- [Information shown]:
↓↓↓
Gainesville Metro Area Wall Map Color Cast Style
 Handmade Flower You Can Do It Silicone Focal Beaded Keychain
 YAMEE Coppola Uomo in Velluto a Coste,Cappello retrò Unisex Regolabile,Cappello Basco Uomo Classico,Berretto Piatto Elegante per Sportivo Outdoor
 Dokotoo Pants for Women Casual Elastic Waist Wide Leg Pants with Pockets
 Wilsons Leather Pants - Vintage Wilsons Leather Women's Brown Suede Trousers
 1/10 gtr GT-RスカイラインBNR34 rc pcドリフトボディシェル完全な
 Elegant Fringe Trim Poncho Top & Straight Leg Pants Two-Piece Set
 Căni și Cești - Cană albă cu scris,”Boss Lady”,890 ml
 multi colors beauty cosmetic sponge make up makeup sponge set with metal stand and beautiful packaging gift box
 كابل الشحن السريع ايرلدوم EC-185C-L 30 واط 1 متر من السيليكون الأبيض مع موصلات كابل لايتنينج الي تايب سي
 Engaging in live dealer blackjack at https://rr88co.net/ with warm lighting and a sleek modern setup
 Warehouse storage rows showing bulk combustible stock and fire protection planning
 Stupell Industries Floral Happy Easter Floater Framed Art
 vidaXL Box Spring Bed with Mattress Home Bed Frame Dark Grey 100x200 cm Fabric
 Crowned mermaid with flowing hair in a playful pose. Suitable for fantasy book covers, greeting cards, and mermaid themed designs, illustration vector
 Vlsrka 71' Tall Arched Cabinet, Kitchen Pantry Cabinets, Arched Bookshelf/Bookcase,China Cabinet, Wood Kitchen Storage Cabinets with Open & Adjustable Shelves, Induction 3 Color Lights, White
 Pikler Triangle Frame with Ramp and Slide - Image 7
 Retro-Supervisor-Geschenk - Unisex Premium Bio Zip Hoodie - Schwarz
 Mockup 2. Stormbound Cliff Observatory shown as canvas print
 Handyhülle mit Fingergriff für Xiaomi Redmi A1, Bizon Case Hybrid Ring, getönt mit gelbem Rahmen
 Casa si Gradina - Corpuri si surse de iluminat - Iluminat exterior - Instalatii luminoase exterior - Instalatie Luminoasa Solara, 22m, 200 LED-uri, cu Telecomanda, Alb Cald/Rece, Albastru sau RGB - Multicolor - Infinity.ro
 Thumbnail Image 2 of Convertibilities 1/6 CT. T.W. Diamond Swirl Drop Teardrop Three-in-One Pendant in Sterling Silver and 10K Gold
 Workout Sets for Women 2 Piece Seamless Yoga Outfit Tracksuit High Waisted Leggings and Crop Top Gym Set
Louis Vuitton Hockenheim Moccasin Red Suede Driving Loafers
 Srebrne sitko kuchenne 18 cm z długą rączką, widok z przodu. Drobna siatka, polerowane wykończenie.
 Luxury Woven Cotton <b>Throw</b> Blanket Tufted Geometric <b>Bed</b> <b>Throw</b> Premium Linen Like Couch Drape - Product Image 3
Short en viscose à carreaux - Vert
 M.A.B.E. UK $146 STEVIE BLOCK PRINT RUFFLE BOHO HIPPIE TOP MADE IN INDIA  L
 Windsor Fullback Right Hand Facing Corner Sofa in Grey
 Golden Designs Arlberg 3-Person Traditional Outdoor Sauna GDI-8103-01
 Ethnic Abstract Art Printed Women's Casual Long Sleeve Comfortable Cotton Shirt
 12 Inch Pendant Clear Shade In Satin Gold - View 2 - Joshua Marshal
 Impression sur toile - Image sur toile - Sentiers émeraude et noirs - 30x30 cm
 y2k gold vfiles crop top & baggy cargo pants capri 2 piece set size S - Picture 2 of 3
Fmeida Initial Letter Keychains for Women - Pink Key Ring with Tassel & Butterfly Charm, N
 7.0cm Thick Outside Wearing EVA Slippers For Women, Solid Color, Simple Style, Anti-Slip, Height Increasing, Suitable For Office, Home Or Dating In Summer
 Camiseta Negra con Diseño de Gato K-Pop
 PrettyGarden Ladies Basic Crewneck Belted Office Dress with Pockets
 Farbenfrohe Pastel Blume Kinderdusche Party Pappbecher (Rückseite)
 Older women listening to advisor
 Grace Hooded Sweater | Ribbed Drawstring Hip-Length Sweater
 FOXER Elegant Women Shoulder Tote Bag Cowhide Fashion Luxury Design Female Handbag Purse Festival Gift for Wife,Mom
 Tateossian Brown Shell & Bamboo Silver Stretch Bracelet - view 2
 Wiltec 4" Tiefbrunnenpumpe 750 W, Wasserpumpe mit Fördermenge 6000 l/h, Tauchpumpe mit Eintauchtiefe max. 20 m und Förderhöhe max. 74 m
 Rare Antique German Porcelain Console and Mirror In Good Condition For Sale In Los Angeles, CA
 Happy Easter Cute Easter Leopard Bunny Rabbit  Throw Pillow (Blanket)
↑↑↑
- [Task item]: Give back exactly the lines running from the line that has "Golden Designs Arlberg" to the end of the entries above.

- [Worked solution]:
 Golden Designs Arlberg 3-Person Traditional Outdoor Sauna GDI-8103-01
 Ethnic Abstract Art Printed Women's Casual Long Sleeve Comfortable Cotton Shirt
 12 Inch Pendant Clear Shade In Satin Gold - View 2 - Joshua Marshal
 Impression sur toile - Image sur toile - Sentiers émeraude et noirs - 30x30 cm
 y2k gold vfiles crop top & baggy cargo pants capri 2 piece set size S - Picture 2 of 3
Fmeida Initial Letter Keychains for Women - Pink Key Ring with Tassel & Butterfly Charm, N
 7.0cm Thick Outside Wearing EVA Slippers For Women, Solid Color, Simple Style, Anti-Slip, Height Increasing, Suitable For Office, Home Or Dating In Summer
 Camiseta Negra con Diseño de Gato K-Pop
 PrettyGarden Ladies Basic Crewneck Belted Office Dress with Pockets
 Farbenfrohe Pastel Blume Kinderdusche Party Pappbecher (Rückseite)
 Older women listening to advisor
 Grace Hooded Sweater | Ribbed Drawstring Hip-Length Sweater
 FOXER Elegant Women Shoulder Tote Bag Cowhide Fashion Luxury Design Female Handbag Purse Festival Gift for Wife,Mom
 Tateossian Brown Shell & Bamboo Silver Stretch Bracelet - view 2
 Wiltec 4" Tiefbrunnenpumpe 750 W, Wasserpumpe mit Fördermenge 6000 l/h, Tauchpumpe mit Eintauchtiefe max. 20 m und Förderhöhe max. 74 m
 Rare Antique German Porcelain Console and Mirror In Good Condition For Sale In Los Angeles, CA
 Happy Easter Cute Easter Leopard Bunny Rabbit  Throw Pillow (Blanket)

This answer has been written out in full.